§ Task brief
Copy, exactly and without additions, every line in the records below from the one holding "Monster Yamaha 2009" through the one holding "Hotel Hampton Inn And Suites Asheville-i-26", both ends included.

§ Stored data
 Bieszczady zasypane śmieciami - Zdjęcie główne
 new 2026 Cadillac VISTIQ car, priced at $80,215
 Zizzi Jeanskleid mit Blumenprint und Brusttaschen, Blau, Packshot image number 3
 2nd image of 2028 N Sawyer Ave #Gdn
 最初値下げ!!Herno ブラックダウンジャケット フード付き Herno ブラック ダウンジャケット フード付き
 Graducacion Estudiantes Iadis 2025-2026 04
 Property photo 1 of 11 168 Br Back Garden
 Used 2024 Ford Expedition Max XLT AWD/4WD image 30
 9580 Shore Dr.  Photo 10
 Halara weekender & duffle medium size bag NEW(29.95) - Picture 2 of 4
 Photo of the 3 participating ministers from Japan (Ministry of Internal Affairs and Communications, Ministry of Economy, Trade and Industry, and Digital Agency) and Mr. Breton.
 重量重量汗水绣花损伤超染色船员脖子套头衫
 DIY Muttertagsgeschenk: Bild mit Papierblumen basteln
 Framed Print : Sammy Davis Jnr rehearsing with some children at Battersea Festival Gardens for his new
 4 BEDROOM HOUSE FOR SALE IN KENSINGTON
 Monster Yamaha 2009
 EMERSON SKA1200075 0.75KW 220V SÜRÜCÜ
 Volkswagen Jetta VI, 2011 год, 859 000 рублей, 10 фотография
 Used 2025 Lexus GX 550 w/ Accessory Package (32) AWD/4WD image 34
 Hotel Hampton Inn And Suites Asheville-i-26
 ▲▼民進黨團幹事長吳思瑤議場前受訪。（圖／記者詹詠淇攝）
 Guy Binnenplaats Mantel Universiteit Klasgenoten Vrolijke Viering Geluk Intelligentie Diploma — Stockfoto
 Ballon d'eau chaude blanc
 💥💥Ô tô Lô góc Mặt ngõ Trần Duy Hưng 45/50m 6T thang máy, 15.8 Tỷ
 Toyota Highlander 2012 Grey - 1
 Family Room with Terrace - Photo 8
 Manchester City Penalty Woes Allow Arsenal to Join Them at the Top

§ Solution
 Monster Yamaha 2009
 EMERSON SKA1200075 0.75KW 220V SÜRÜCÜ
 Volkswagen Jetta VI, 2011 год, 859 000 рублей, 10 фотография
 Used 2025 Lexus GX 550 w/ Accessory Package (32) AWD/4WD image 34
 Hotel Hampton Inn And Suites Asheville-i-26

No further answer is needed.